Mais ce qui structure et permet d'articuler tout cela, ce qui fait qu'un Homme pluriel ne soit pas un Homme en miettes sans aucune cohérence, cela s'articule — pour moi — autour des rapports de classe et de sexe. Ça permet d'unifier quelque chose, de retrouver une cohérence, parce que le grand unificateur aujourd'hui c'est le Capital. Pourquoi des mouvements aussi disparates — les défenseurs de tortues du Pacifique, les paysans de l'Inde, les paysans brésiliens, les défenseurs des cultures indigènes latino-américaines et les syndicats européens ou nord-américains — se retrouvent-ils à Belem, Porto-Alegre dans les Forums sociaux ? C'est parce qu'ils ont en face — pas dans les têtes ! — Monsanto comme producteur semencier qui a le monopole sur les semences génétiquement modifiées. Ils ont un ennemi commun. Le Capital mondialisé crée son opposition mondiale comme d'ailleurs la mondialisation de l'époque victorienne a créé, à travers les Expositions universelles, la Première Internationale, ou a contribué à la créer.

Sauf que là c'est toujours contre…

Daniel Bensaïd : Mais c'est la dialectique. Il y toujours le moment du négatif. On commence par le négatif, on commence par être contre et c'est en commençant par s'opposer, par dire non, qu'on commence à inventer du positif.

notes
75. Margarethe von Trotta, Rosa Luxemburg, 1986.

76. August Bebel, ouvrier marxiste, est un des fondateurs du parti social-démocrate allemand en 1875.
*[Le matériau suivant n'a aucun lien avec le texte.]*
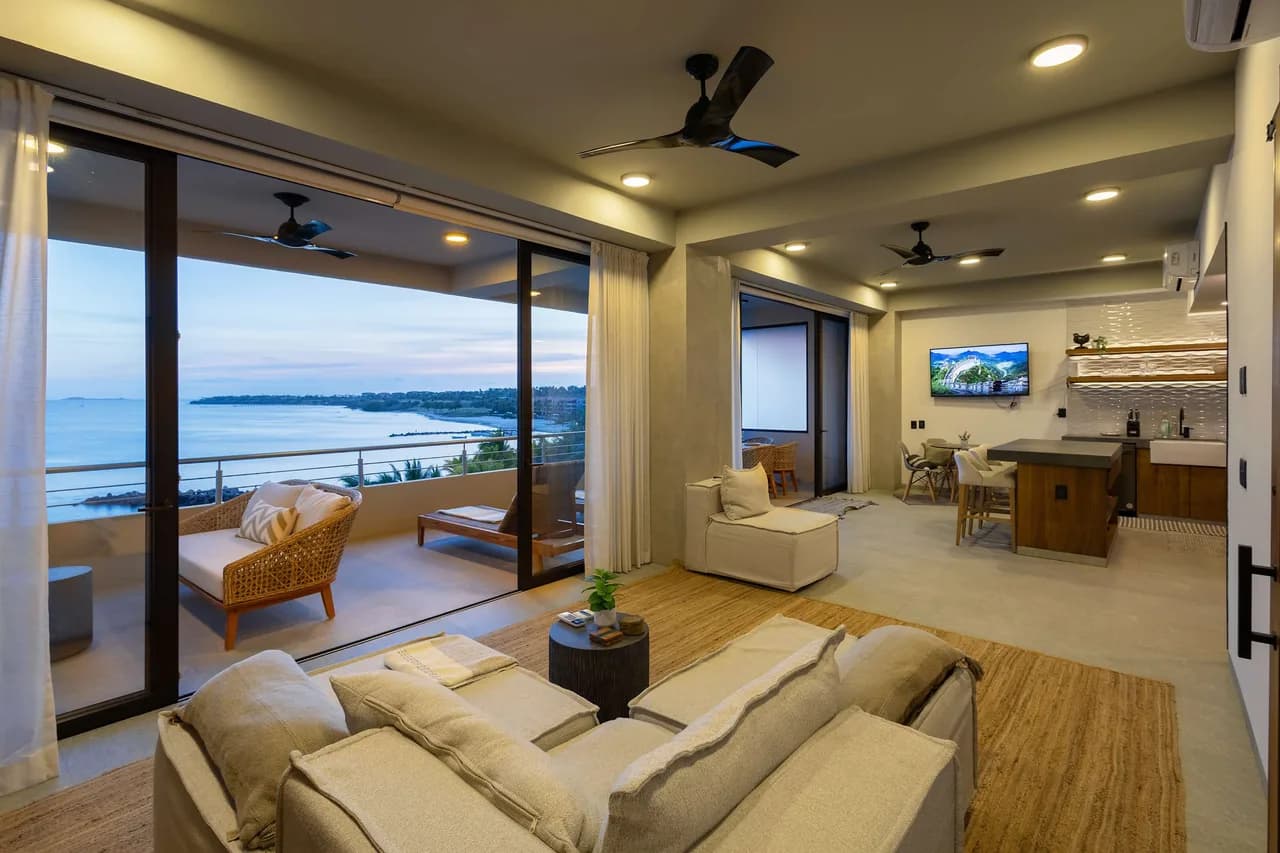 Beachfront Oceanview Condo in Punta de Mita photo 2
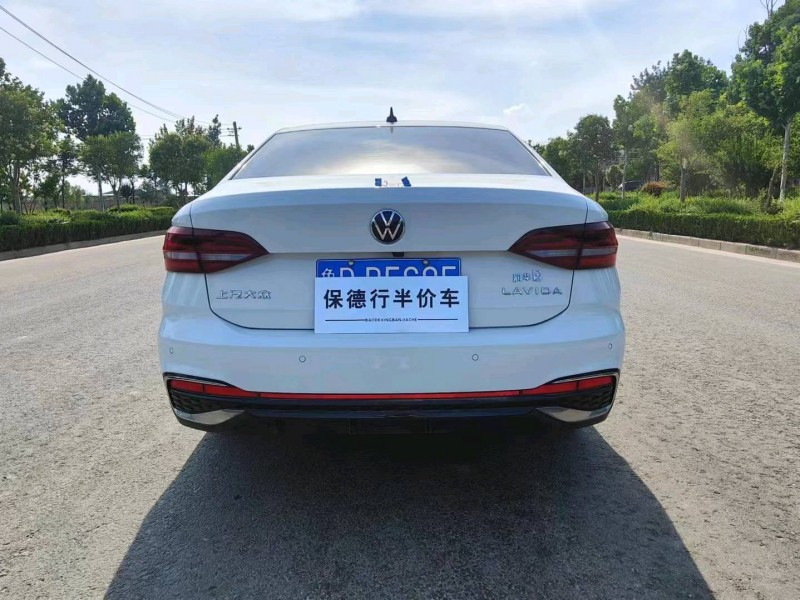 枣庄23年大众朗逸9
77. Karl Kautsky (1854-1938), membre du parti social-démocrate autrichien. Au congrès d'Erfurt du parti social-démocrate allemand, en 1891, il condamne la participation des sociaux-démocrates aux ministères bourgeois.

78. En novembre 1936, des anarchistes de la CNT entrent au gouvernement de Largo Caballero. Peu à peu, celui-ci reconstitue une armée qui va s'opposer aux milices et supprimer les comités mis en place par les organisations ouvrières. Tous les ministres, y compris les anarchistes, signent un décret sur la dissolution des milices et leur incorporation dans l'armée régulière.